# Update! Need more advice on next step potty training



## CrazyMax (Nov 7, 2013)

Hi all. I wanted to give an update as well as ask a few more questions in regards to: now what should I do?

Update: Max is now potty pad trained. It has been a long two months (he is 4 months and 7 days old) but he now cosistantly potties and poos on his potty pad(in his ex pen next to his crate). Since my first post I have since crate trained him (which he loves) and have him trained in his ex pen. Although he still spends a lot of time in the ex pen there have only been a few accidents over the last month or so. Pretty much he will spend his time in there unless he fully empties outside. He also consistently goes potty out side on command! still working on pooping (seems like he does not understand)

Questions:
1.) Although he is now potty pad trained he still won't give me any signals to go outside. He is so Consistent with the potty pad that I am now wondering how to ween him of the pad and begin trusting him a little? I would like to enjoy him more but don't want him letting loose where he shouldn't.

2.) At night max still poops and pees a lot (@2 poops and 3 pees). I make sure he has his last drink and food no later than 7pm and I still take him out every 30 minutes until 9pm. Is this normal. Should he be able to hold it and sleep through the night?

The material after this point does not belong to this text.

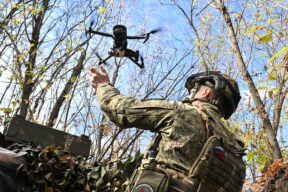 Соединённые Штаты намерены догнать Россию в сфере использования беспилотников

3.) Even though he is potty trained he still needs to go out every 30 minutes or so or he will pee on his potty pad. Why does he pee sooooo much?

4.) Last question I promise! Why does he always want to pee on a fresh potty pad. Always does within minutes.

Other than that I think we have made progress but still have a ways to go. Any and all input is gladly welcome. Also, just to make things clear I believe Max was a puppy mill puppy. I understand what a lot of you think about that but I have come to the conclusion that I saved him. He doesnt know that so why be megative about it. Sorry had to put that out there.


----------



## krandall (Jun 11, 2009)

*me!*

it sounds to me like you are doing a GREAT job establishing good habits. He is still very young. YYou will find that, eventually, he will start to prefer going outside. You are dong all the right things. It just takes time!


----------



## Pucks104 (Aug 16, 2012)

Sounds like everything is on track. I noticed with Leo at 7 months or so there seemed to be a good step forward in a lengthening of the time between pee trips outside. He never used an indoor option. He spent a lot of time in his expen only being out when he was empty and could be closely watched. Slowly over the last few months Leo spends more and more time out of his expen, has begun coming to me to let me know when he needs to go back out and has freedom to run around the house without our worrying that he might have an accident. He is now 10 months old. The close supervision and confinement when we couldn't watch him closely, meant that Leo only ever had 2 pee accidents in the house and no poop accidents. He has had no accidents at my office though I still don't give him much freedom there - too many staples, paper clips, loose paper atound to trust him. The process of establishing good potty habits takes time but is time well spent if it means you have an adult dog that takes care of potty business in acceptable, to you, places only!


----------



## CrazyMax (Nov 7, 2013)

Thanks everyone. I just made another post.


----------